All exponetial laws must come to an end
In summary, the breakdown of Dennard scaling (with its increased power density), the rise of static power leakage, thermal limits such as dark silicon, and wire delay limiting clock speeds have all contributed to the deceleration of Moore’s Law.
References
- Hennessy, John L., and David A. Patterson. Computer architecture: a quantitative approach. Elsevier, 2011.
- McLellan, Paul. “Samsung’s 3nm GAA Process.” Breakfast Bytes, Cadence Community, 21 May 2019, community.cadence.com/cadence_blogs_8/b/breakfast-bytes/posts/sam3nm.

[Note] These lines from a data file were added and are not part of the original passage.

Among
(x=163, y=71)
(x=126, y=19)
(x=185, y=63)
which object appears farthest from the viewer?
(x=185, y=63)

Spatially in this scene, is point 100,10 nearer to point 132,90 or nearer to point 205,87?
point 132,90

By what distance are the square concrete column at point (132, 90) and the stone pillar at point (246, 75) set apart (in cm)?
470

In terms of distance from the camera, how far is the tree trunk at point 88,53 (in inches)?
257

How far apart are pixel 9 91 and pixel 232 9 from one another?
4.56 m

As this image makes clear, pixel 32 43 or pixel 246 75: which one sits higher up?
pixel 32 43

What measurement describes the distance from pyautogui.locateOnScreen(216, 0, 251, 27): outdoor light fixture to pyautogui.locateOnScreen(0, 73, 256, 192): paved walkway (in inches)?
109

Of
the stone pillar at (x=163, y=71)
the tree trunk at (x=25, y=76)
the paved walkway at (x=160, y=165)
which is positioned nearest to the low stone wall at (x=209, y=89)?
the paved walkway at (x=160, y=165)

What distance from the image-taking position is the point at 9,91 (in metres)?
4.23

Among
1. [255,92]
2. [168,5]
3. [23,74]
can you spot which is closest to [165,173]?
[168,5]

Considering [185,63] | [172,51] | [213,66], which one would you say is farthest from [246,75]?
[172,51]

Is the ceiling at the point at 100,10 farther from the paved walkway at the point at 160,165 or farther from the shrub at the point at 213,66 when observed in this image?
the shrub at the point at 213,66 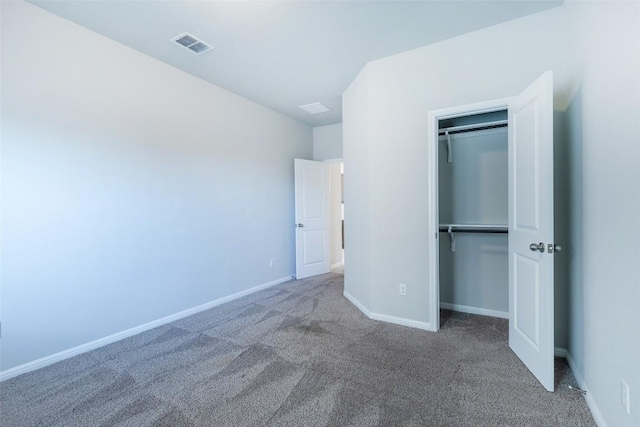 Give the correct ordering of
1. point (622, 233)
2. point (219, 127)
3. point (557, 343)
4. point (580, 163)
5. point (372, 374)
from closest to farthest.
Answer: point (622, 233) → point (580, 163) → point (372, 374) → point (557, 343) → point (219, 127)

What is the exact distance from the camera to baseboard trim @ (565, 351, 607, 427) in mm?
1561

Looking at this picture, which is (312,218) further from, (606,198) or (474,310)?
(606,198)

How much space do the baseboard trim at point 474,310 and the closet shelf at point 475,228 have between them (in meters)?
0.87

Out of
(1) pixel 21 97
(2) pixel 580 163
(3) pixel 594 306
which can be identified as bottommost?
(3) pixel 594 306

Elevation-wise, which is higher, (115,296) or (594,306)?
(594,306)

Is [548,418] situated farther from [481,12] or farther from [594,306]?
[481,12]

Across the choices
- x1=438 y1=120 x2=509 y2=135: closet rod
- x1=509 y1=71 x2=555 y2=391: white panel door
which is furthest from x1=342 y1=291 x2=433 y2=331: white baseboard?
x1=438 y1=120 x2=509 y2=135: closet rod

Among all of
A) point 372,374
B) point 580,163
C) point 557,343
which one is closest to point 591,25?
point 580,163

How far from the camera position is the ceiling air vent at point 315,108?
4.27 meters

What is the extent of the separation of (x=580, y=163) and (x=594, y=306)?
90cm

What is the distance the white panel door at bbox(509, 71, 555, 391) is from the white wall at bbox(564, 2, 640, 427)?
0.64 feet

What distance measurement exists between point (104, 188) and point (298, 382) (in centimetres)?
233

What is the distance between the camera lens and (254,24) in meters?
2.40

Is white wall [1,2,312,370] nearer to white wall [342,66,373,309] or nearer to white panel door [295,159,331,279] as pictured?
white panel door [295,159,331,279] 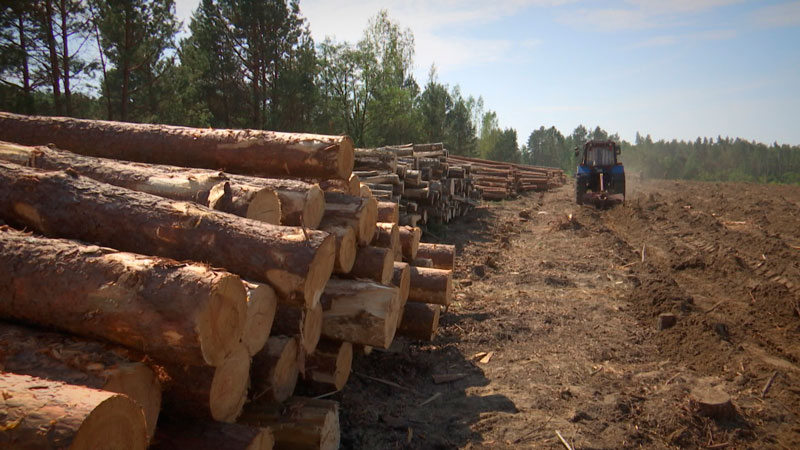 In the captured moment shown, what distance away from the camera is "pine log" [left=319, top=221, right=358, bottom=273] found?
4.09m

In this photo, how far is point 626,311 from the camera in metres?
6.88

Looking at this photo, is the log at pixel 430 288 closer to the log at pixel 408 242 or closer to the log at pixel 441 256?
the log at pixel 408 242

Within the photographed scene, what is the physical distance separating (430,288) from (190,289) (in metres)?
Result: 3.39

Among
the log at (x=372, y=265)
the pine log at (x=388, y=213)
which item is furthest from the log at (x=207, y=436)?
the pine log at (x=388, y=213)

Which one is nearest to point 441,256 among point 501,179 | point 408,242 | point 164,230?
point 408,242

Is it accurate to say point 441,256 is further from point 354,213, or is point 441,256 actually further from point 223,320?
point 223,320

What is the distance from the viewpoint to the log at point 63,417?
1.78m

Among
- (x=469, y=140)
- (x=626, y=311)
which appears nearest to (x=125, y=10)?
(x=626, y=311)

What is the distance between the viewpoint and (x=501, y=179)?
2320 cm

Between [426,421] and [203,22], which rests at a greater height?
[203,22]

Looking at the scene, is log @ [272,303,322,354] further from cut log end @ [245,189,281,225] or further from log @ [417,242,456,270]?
log @ [417,242,456,270]

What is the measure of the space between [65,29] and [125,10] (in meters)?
1.85

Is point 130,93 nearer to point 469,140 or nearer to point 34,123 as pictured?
point 34,123

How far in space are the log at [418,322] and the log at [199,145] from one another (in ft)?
5.23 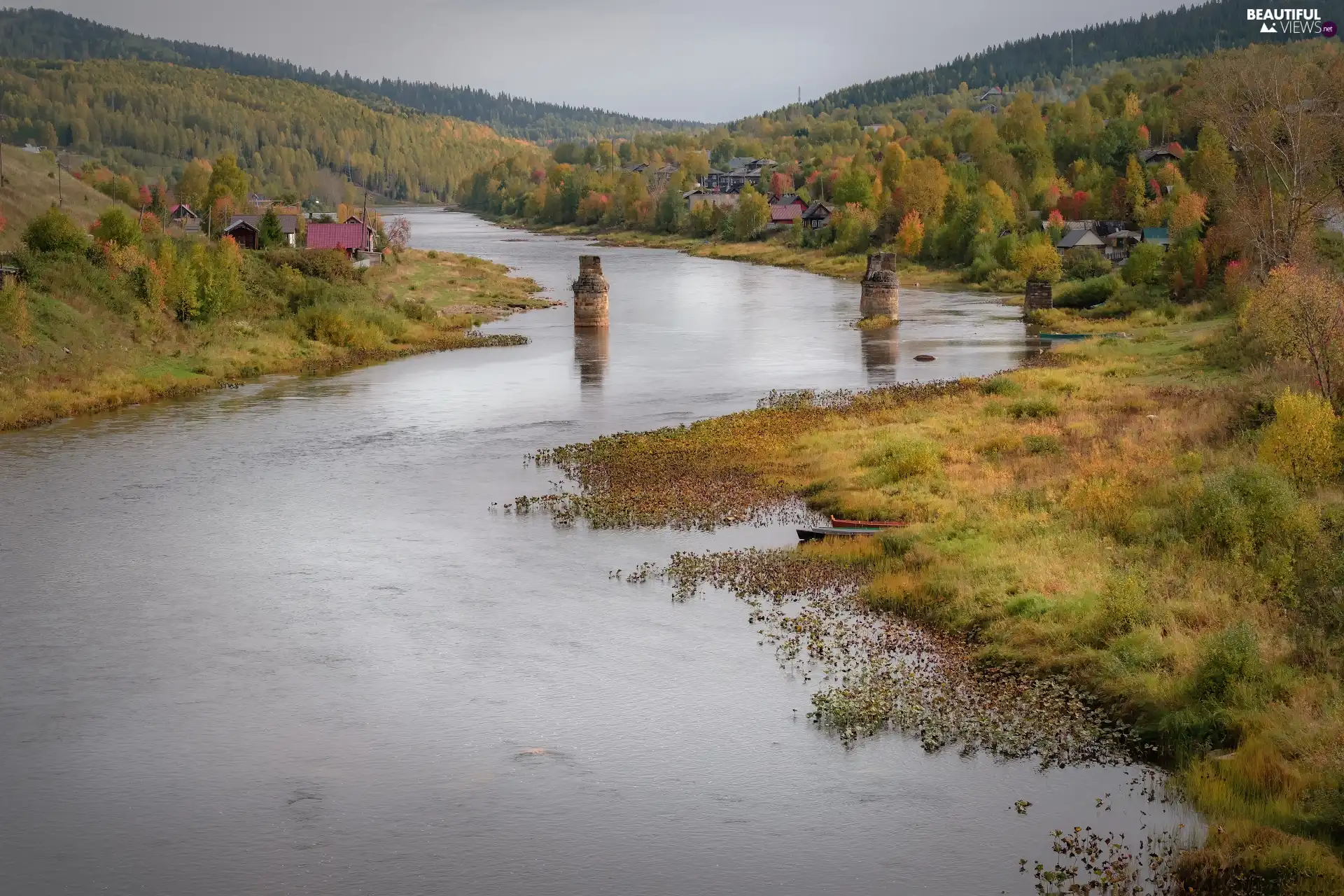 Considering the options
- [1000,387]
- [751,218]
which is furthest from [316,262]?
[751,218]

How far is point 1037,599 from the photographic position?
65.1ft

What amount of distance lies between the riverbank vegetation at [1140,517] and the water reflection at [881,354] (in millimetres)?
4195

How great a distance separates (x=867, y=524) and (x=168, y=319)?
31845 millimetres

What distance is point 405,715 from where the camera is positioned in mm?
17578

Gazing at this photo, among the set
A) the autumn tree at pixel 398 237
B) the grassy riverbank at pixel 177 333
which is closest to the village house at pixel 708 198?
the autumn tree at pixel 398 237

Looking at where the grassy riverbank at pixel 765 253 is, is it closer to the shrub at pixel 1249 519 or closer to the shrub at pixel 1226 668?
the shrub at pixel 1249 519

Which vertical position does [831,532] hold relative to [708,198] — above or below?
below

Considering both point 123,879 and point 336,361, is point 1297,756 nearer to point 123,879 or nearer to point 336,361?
point 123,879

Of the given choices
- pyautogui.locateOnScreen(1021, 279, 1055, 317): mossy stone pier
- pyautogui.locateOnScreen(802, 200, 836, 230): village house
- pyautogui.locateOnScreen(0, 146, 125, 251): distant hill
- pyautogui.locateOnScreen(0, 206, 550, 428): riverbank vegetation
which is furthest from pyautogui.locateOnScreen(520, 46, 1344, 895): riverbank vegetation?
pyautogui.locateOnScreen(802, 200, 836, 230): village house

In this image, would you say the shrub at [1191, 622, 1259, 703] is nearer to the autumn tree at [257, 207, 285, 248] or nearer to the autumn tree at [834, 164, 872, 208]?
the autumn tree at [257, 207, 285, 248]

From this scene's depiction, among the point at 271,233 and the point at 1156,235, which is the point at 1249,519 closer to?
the point at 271,233

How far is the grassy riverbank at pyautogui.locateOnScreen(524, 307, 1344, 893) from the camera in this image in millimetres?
14836

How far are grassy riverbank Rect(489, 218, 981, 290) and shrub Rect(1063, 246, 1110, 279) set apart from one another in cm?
699

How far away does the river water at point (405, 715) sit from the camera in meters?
14.0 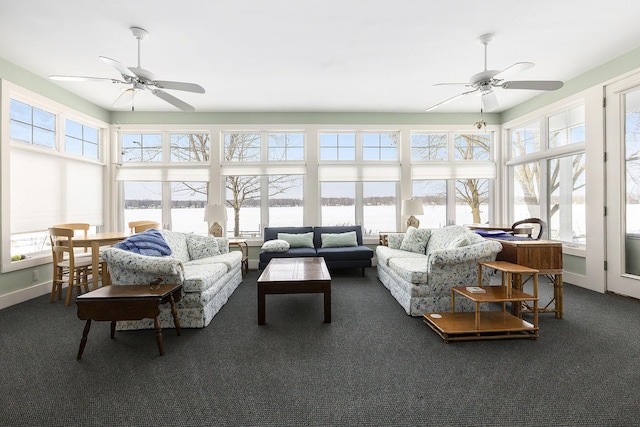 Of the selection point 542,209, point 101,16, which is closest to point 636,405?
point 542,209

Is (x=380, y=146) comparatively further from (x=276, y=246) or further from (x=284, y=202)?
(x=276, y=246)

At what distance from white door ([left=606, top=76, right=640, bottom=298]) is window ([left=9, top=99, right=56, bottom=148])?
7610 mm

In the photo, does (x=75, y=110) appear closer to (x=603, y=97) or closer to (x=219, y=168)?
(x=219, y=168)

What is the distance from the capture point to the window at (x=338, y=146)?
19.4 feet

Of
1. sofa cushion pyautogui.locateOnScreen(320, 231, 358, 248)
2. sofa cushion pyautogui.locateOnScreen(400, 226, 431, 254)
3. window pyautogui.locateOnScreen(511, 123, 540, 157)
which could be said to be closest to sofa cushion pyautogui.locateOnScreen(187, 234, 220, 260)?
sofa cushion pyautogui.locateOnScreen(320, 231, 358, 248)

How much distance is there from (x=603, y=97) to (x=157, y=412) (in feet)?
18.8

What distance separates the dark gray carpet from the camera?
1.65m

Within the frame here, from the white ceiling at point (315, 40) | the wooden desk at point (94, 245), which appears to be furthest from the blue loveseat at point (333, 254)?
the white ceiling at point (315, 40)

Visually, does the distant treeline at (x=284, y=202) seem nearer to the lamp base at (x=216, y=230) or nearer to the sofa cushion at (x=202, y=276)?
the lamp base at (x=216, y=230)

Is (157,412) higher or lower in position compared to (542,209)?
lower

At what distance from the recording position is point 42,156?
4.24m

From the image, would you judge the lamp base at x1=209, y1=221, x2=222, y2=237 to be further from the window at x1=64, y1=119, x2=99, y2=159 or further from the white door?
the white door

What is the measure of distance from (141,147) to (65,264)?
274cm

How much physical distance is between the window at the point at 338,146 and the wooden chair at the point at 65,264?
161 inches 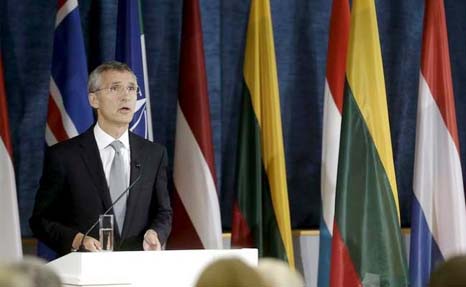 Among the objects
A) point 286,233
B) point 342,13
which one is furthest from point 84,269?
point 342,13

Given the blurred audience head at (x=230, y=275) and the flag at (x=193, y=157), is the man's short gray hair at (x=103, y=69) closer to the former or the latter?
the flag at (x=193, y=157)

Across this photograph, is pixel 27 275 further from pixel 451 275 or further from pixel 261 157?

- “P-N Junction.” DevXplained, 16 Nov. 2020, devxplained.eu/en/blog/p-n-junction.
- Kuphaldt, Tony R., et al. “The CMOS Transistor.” All About Circuits, www.allaboutcircuits.com/textbook/designing-analog-chips/analog-devices/the-cmos-transistor/.
- Θεοδώρου, Χριστόφορος Γ. Low-frequency noise in advanced CMOS/SOI nanoscale multi-gate devices and noise model development for circuit applications. Diss. Αριστοτέλειο Πανεπιστήμιο Θεσσαλονίκης, 2013.